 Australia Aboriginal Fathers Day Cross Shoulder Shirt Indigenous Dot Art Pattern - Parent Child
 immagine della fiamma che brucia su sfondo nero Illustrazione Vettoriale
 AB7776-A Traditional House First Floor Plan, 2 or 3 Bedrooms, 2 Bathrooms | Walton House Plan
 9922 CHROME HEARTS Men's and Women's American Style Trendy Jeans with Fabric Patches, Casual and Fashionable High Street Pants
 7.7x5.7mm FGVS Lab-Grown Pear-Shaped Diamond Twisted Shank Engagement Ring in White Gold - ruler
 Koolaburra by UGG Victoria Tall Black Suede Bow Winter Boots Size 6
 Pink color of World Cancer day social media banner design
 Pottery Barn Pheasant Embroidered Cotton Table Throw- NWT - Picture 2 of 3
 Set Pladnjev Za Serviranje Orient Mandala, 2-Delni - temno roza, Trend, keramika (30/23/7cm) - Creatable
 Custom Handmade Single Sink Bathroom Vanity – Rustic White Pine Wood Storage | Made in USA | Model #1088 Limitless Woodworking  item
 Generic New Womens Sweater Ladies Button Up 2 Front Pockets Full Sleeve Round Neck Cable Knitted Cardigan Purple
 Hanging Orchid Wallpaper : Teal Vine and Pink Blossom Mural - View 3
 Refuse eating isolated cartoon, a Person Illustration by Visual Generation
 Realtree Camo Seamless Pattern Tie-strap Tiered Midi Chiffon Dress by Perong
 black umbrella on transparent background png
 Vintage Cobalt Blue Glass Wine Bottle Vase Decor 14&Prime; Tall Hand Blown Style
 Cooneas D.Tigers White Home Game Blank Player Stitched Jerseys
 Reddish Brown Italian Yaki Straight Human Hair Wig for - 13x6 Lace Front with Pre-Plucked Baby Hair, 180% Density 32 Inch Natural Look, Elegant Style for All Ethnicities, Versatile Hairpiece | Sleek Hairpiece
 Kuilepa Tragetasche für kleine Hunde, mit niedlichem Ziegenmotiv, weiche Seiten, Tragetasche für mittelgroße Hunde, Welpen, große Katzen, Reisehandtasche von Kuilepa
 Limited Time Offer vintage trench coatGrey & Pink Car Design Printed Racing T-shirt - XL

EXERCISE REQUIREMENTS
In the listing above, find every line with the word "Tall" and copy it.

ANSWER TO THIS EXERCISE
 Koolaburra by UGG Victoria Tall Black Suede Bow Winter Boots Size 6
 Vintage Cobalt Blue Glass Wine Bottle Vase Decor 14&Prime; Tall Hand Blown Style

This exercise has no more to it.